Some also blame speculators, hedge funds specifically, for increasing the volatility of commodity futures.

When it comes to agricultural commodities, you can’t ignore the effect of global warming. The weather is changing. Floods and droughts are not good for crops.

The U.S. is the biggest wheat exporter and its main cultivation areas are Kansas and Oklahoma.

“The last winter was a terrible one. The ground froze. A week ago the region was swept by rainstorms that turned the ground muddy and impossible to harvest,” describes Ron Eichel, the chief international markets strategist at Israel Brokerage & Investments. It’s still raining, too and the crops are rotting. Only 9% of the crop is rated as being in excellent condition, the Kansas Agricultural Statistics Service said this week, adding that 37% is in horrible condition.”

From Tom Whipple’s July 10 report in EB:

“In recent weeks, there have been an increasing number of reports concerning serious electricity and gasoline shortages in no less than 24 countries around the world. In many cases, the leaders of these countries have announced that the situation is critical while at the same time offering assurances that they have plans to improve the situation shortly.

In about half the countries, the problem is simply not enough electricity capacity to meet growing demand sparked in part by rising world temperatures. In many cases, urban population is increasing so fast that investment in new infrastructure is not keeping up. In those countries which depend on hydro dams for a significant portion of their electricity, droughts have lowered water levels to the point where generators are being shut down. Countries that use oil for thermal or diesel power generation are finding their customers simply can’t afford electricity from $70 oil. Finally, in a few places such as Iraq and Nigeria, insurgents keep blowing up fuel lines to the generating stations. Rolling blackouts ranging from a few hours to most of the day are becoming far more common around the world than most of us realize.

Incidences of oil and gasoline shortages are becoming more common too. Nepal is completely out of retail gasoline and diesel as they can’t afford to pay India for their imports. A few weeks ago, Gambia nearly shut off all electricity production as the country could no longer afford the fuel. This list of woes goes on and on.

For most, there is little prospect that the situation will improve in the foreseeable future. Blackouts will grow longer and more widespread. Gasoline shortages will increase and supplies increasingly will be sold at black market prices.”

The Outlook for Petroleum

The National Petroleum Council this month predicted that petroleum supples from this point forward will be increasingly problematic, requiring great effort to obtain sufficient supplies. The Petroleum Council represents the energy companies of the United States. The Wall Street Journal responds to that group, and they consequently look to petroleum supply difficulties in the future. The International Energy Agency, representing energy firms worldwide, announced similar conclusions last month.
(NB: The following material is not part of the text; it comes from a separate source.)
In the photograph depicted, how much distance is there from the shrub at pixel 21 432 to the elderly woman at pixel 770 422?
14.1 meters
That puts just about everyone in agreement on a rather major problem – how to move goods and people, how to heat homes in the east and midwest, how to support the chemical industries, and so on as oil becomes less available. Everybody, that is, but ExxonMobil, the U.S. Department of Energy, and the White House, who insist there is no problem. Oh – and all the people who are willing to listen to them or willing to absorb their “information” from their television set.

You Decide What Kind of News Department
The great big article on the front page of Eugene’s Register-Guard on Sunday, July 22, was entitled “The Cold Truth,” and observed that a carbon tax was the best hope of averting a disaster that could begin in six years. You can look it up on the net – The Register-Guard is not at all hard to find.
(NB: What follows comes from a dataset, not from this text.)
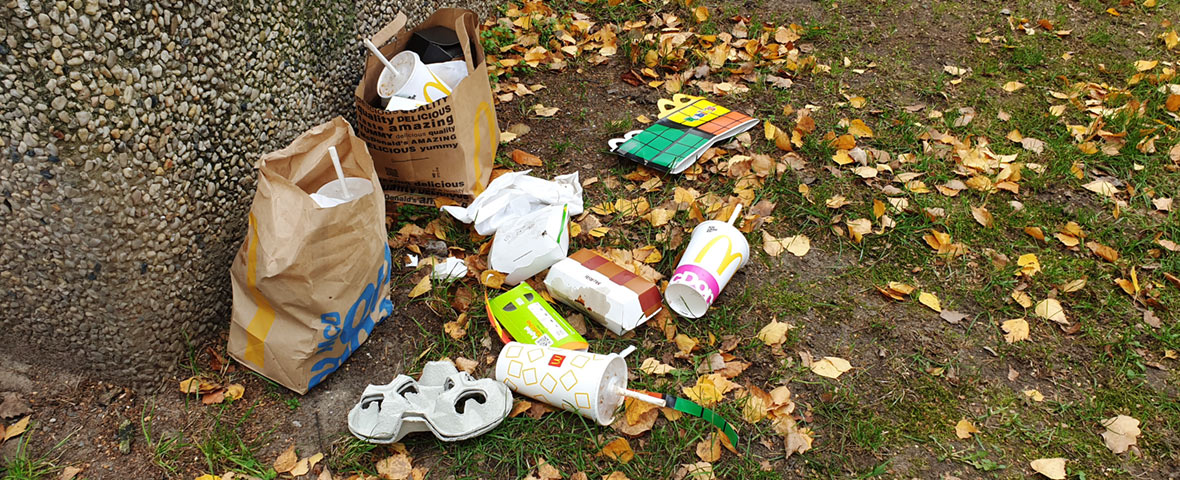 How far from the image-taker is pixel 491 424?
2.02m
Author Tom Giesen noted the 3.1 percent increases in carbon dioxide emissions during the first years of this century. Six years is how long it will take to reach the first doubling of the carbon load in the atmosphere, beginning from pre-industrial levels. You may recall that “Inconvenient Truth” gave us 20 years in which to bring ourselves under control. That estimate was based on doubling the pre-industrial level also, but those scientists were assuming a one percent annual increase, the levels of the ‘90s. Necessarily I think, given that the more recent rate was only recently discovered. By an unimpeachable source, let us add.

Gieson’s carbon tax is meaningful. He would place the tax at the source of the fuel, the minehead, oil well or petroleum unloading terminal, avoiding any further discussions on where to place the tax and who didn’t need to bother paying it. And Tom is talking serious tax. Initially a buck a gallon or equivalent, rising another buck every year for six years.

It will be a bold politician who dares touch it. Can you imagine the screams of motorists, the anguish of corporations, the to-the-death opposition of the GOP? But I’m sure glad somebody else noticed how serious that 3.1 percent annual growth of atmospheric carbon dioxide. Can it be done within six years? We for sure can’t even get started on the national level with the present bunch in the White House.